My first job was as a computer operator, managing mainframes and dumb terminals. Very 'War Games'. But then I managed to move into radio production and presentation. I worked as a radio producer and reporter for five years or so. Then the web came along and I realised that I could get a role doing both computing and editorial. And that was that. I started at a small digital agency then joined the BBC. That was almost 20 years ago.
Your upcoming book focuses on designing a UX portfolios. Many designers are moving into UX from more traditional fields like graphic or web design, yet their struggle to present their work. What are the most common misconceptions about UX as a discipline?

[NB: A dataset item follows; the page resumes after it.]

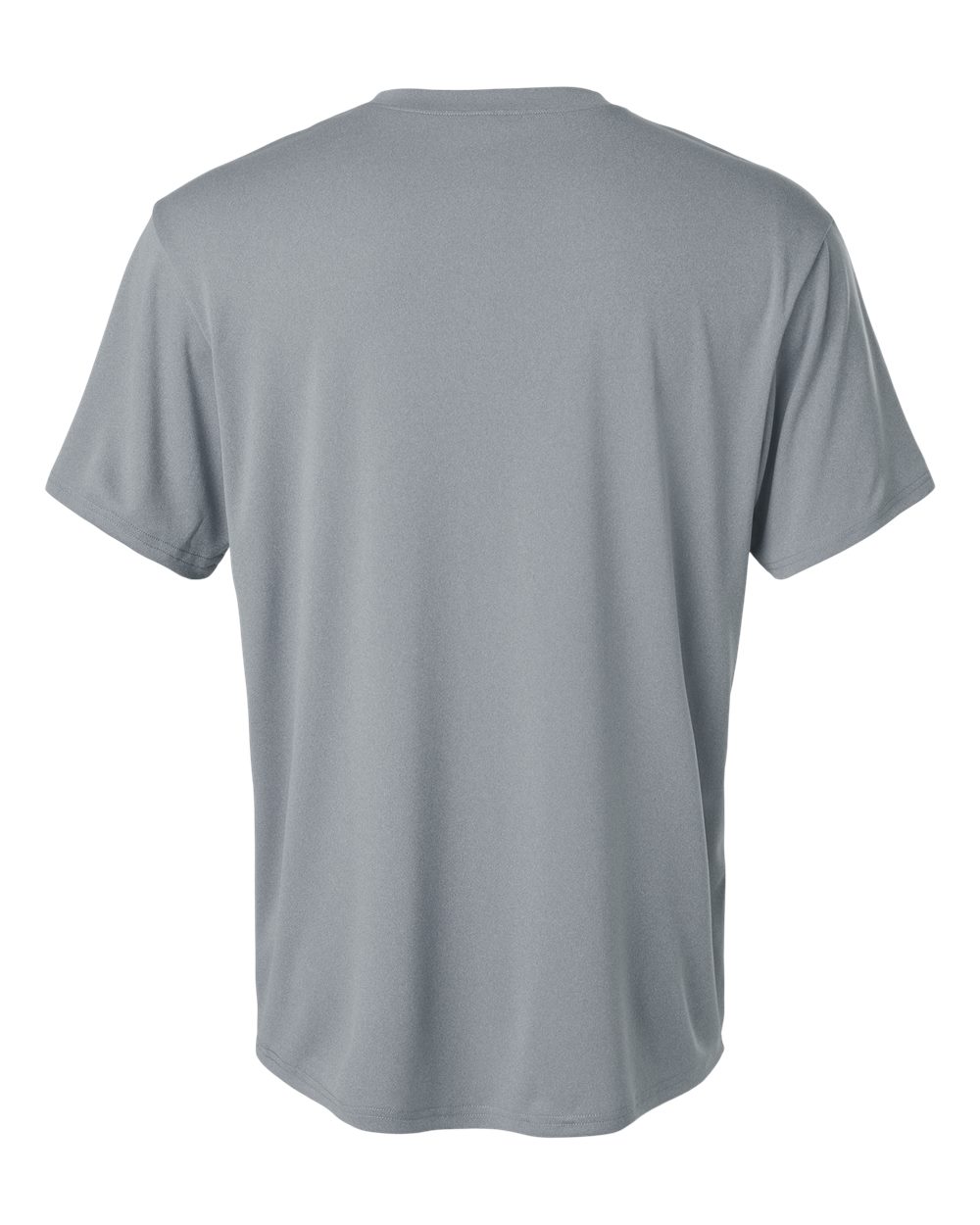 AllPro Pro-Lock Performance T-Shirt - 48000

The most common misconception is that designing a user interface makes you a UX designer. You may have created a user interface that will lead to a user experience, but 'UX designer' is shorthand for somebody who works with a team to ensure the end design is user-centered. They use tools such as usability testing, contextual enquiry, etc., to ensure that user needs are met. The user interface is just the end result.
You must deal with a lot of younger designers starting out their careers. What’s the one skill you’d advise younger designers to improve upon?
Communication and facilitation skills. Over the past five years or so we’ve seen these skills become much more important. Roles where you conduct research and then sit in front of a wireframing tool are becoming less common. The role of UX designer is now more about helping teams to arrive at the right design - and that means facilitating and communicating well.
UX designer, UI designer…. As an industry, design seems to be obsessed with defining and specialising these roles. Are they all same?
No, but it’s sometimes difficult to tell them apart – and that’s why having and maintaining a UX portfolio is really important. A UX portfolio allows you to clearly explain your skillset regardless of job title, and that can help you avoid the wrong job and get yourself into the right one.